All lines from the one containing "a living room" through the end of the data below are to be repeated exactly, with pictures left out.

▶ Data excerpt
»»

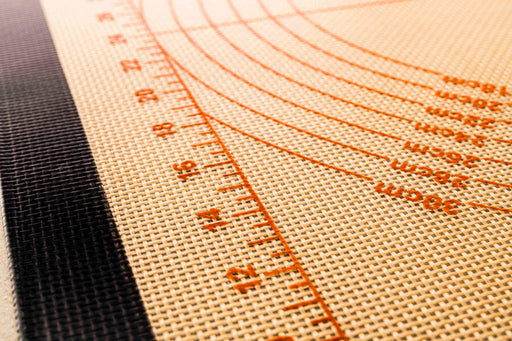 Silpat Perfect Pastry - Jumbo: Non-stick silicone mat with dimensions and rulers for precise dough preparation, ideal for versatile baking solutions and easy cleanup.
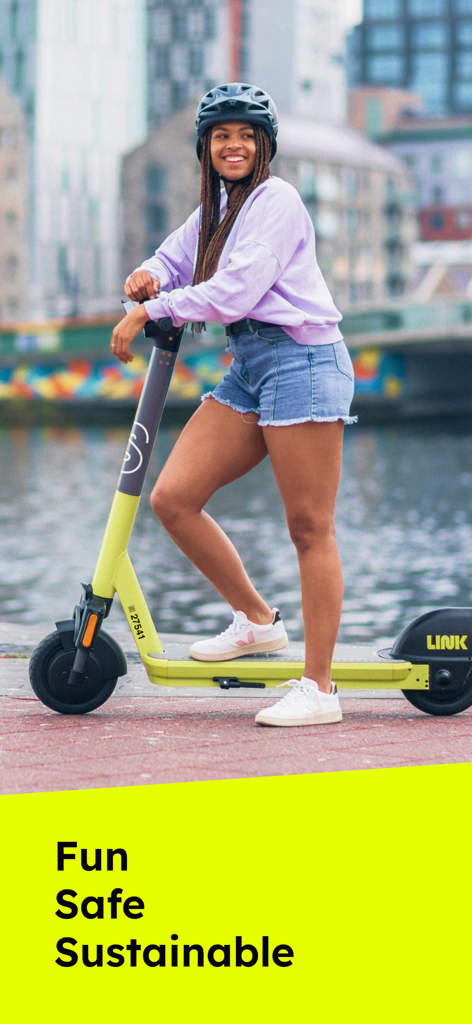 Smiling woman wearing a helmet on a lime green Superpedestrian LINK electric scooter
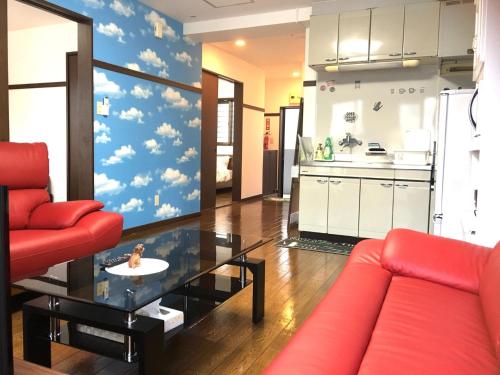 a living room with a red couch and a kitchen at KY Apartment - Vacation STAY 40189v in Naha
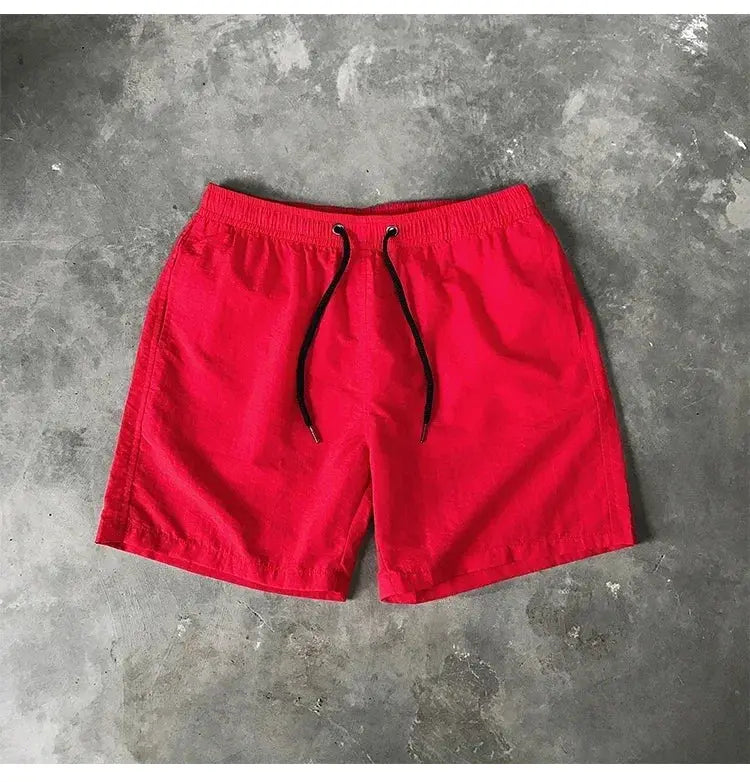 Men's red swim shorts with black drawstring and elastic waistband for beach and pool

««

▶ Output for this task
 a living room with a red couch and a kitchen at KY Apartment - Vacation STAY 40189v in Naha
 Men's red swim shorts with black drawstring and elastic waistband for beach and pool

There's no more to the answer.